In the entries below, find the lines that contain the word "Apartment" and copy them.

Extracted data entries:
************
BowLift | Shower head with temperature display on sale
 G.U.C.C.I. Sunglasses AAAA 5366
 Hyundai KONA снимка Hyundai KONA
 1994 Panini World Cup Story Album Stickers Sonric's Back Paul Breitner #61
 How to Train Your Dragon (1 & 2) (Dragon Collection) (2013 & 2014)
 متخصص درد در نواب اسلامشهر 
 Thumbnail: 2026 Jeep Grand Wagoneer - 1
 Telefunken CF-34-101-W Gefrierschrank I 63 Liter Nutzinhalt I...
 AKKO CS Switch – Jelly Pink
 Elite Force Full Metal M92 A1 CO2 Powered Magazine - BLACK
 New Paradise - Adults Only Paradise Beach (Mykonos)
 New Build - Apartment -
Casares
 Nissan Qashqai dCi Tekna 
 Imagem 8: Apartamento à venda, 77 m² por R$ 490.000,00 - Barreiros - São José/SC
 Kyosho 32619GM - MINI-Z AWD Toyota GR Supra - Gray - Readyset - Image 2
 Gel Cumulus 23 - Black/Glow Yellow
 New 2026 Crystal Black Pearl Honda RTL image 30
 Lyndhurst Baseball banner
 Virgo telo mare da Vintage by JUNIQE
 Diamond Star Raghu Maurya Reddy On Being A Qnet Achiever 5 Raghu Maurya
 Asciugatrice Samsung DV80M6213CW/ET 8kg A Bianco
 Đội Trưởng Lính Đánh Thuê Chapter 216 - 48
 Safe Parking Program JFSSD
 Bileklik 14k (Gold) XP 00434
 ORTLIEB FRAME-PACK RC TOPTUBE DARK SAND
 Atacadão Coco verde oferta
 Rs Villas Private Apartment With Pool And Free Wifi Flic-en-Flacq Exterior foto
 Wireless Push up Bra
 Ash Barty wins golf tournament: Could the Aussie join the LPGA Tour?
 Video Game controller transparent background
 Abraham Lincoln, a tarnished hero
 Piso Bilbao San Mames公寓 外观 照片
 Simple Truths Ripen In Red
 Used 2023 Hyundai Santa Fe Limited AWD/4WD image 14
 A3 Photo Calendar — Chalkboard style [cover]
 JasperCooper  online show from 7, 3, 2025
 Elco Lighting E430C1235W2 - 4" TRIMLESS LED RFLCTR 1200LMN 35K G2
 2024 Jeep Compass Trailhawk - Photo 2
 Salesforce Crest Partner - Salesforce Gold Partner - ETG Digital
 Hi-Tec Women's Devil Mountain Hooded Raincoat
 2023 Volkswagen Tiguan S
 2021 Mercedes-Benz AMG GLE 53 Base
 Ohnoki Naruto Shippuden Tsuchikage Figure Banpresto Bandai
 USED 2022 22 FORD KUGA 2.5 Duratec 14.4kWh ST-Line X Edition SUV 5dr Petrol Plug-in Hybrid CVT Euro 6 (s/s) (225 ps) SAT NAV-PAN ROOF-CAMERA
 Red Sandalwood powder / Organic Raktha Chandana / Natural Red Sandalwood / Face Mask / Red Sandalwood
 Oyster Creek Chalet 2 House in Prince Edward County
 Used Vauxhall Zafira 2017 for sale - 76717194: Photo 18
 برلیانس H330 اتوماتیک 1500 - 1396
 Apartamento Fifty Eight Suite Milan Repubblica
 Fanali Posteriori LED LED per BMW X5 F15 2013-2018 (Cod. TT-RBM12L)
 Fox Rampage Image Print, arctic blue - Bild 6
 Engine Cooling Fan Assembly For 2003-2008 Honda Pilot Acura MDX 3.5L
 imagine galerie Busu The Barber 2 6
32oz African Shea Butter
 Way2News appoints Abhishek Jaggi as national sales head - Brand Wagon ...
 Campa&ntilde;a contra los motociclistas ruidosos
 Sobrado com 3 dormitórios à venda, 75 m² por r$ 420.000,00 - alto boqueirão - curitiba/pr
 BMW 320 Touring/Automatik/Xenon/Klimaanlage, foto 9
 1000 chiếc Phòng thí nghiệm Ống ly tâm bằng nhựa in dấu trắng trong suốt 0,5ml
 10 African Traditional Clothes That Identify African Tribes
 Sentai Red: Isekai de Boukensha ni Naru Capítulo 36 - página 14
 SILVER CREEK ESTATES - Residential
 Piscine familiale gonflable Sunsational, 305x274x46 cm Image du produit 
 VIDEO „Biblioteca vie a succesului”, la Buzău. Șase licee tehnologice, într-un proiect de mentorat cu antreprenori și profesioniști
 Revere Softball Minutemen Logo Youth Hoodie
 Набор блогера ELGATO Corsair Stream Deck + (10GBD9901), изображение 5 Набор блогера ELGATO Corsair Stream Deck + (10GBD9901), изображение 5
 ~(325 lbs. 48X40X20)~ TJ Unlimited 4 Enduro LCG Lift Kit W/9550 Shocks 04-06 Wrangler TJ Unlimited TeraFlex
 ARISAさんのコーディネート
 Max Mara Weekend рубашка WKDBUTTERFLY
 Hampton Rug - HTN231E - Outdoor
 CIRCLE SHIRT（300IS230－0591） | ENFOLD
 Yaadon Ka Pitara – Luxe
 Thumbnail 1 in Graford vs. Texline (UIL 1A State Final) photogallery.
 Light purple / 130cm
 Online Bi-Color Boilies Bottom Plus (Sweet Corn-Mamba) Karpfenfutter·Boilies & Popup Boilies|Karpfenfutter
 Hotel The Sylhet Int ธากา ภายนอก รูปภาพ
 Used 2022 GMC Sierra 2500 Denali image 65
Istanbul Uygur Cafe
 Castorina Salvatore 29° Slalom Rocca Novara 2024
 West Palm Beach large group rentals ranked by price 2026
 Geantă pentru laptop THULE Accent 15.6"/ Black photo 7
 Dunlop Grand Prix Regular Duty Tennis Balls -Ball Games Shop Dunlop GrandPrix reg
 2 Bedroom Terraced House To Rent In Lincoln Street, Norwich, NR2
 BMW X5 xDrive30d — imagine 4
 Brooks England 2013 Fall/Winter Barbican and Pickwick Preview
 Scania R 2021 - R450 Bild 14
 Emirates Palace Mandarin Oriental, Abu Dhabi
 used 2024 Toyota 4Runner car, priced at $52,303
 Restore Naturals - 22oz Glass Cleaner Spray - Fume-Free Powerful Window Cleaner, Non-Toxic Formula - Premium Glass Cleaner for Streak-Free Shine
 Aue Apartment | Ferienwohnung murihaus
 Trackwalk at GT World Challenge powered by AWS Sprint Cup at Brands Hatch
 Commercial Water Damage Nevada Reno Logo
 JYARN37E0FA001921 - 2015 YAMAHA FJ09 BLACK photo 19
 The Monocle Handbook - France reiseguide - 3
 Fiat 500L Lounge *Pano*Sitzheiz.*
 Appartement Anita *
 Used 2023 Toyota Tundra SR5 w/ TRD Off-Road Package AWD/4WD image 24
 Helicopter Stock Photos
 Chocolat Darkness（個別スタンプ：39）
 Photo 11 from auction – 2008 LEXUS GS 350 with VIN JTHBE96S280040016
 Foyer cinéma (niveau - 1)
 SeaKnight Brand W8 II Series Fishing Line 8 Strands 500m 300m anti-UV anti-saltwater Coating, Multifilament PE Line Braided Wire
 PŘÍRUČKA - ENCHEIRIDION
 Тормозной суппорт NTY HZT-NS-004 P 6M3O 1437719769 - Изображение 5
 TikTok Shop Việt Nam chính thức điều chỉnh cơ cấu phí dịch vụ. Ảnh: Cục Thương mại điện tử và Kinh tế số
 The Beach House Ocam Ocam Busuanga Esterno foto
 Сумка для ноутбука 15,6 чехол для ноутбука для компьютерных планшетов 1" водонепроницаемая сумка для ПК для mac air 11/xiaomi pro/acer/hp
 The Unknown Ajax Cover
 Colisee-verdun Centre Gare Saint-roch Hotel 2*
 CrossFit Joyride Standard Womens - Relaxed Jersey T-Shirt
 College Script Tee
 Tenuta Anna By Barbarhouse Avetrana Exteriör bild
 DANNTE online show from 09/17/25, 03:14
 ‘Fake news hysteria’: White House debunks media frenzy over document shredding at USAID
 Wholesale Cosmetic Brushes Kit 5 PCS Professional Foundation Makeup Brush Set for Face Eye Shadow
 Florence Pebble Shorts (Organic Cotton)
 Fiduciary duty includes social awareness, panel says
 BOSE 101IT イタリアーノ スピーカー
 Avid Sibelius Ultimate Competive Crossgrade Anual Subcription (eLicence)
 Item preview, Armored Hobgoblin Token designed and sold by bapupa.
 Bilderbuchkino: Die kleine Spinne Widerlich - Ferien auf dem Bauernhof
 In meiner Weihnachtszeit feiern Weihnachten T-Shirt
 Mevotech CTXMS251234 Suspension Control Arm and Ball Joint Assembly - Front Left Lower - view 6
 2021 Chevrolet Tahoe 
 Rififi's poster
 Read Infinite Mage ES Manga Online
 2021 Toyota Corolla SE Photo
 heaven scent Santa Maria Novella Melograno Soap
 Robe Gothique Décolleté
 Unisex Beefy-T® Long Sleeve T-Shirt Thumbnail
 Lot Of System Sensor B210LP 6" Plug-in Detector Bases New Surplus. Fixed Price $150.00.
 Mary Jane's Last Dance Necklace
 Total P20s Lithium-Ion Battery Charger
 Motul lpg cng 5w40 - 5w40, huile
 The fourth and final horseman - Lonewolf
************
> _TASK RESULT_
 New Build - Apartment -
 Rs Villas Private Apartment With Pool And Free Wifi Flic-en-Flacq Exterior foto
 Aue Apartment | Ferienwohnung murihaus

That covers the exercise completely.